No todos los gobernadores están alineados. Martín Llaryora (Córdoba) y Maximiliano Pullaro (Santa Fe) aparecen como los interlocutores más complejos. En Córdoba, la negociación avanza lentamente, con un único punto parcialmente destrabado: la controversia judicial por las cajas previsionales. Cerca de Llaryora advierten que no habrá nuevas reuniones hasta que se cumplan compromisos previos.

Pullaro, en tanto, fue explícito. Reconoció su buena relación personal con Santilli, pero reclamó respuestas concretas y no solo gestos. El gobernador santafesino viene de cerrar una reforma constitucional y proyecta su futuro político hacia 2027, lo que refuerza su autonomía frente a la Casa Rosada.
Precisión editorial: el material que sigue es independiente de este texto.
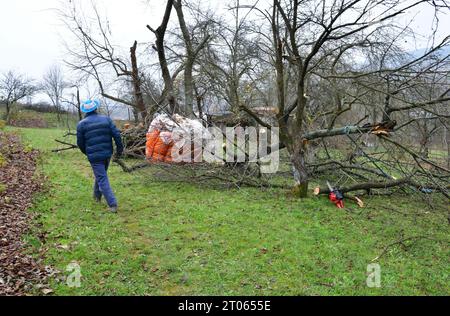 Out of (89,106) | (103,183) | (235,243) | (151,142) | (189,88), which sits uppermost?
(189,88)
Mientras tanto, la crisis venezolana se filtra en la agenda local. Milei aún no firmó el decreto de convocatoria a extraordinarias, pero el oficialismo presentó un proyecto en Diputados para respaldar la decisión del presidente de apoyar la operación de Donald Trump en Venezuela. En la Casa Rosada no descartan incluir este tema en el temario legislativo.
El argumento oficial vuelve a mencionar supuestos vínculos de Nicolás Maduro y Diosdado Cabello con el cartel de los soles, pese a que el Departamento de Justicia de Estados Unidos negó la existencia formal de esa estructura criminal. La falta de información precisa y las contradicciones internacionales alimentan dudas incluso dentro del propio arco político.
Así, el Gobierno enfrenta un verano intenso: negociaciones provincia por provincia, una reforma laboral en suspenso y un conflicto regional que amenaza con colarse en el debate parlamentario. La foto del Presupuesto aprobado fue solo el comienzo. El verdadero desafío será convertir esa mayoría circunstancial en un respaldo estable para el resto de la agenda oficialista.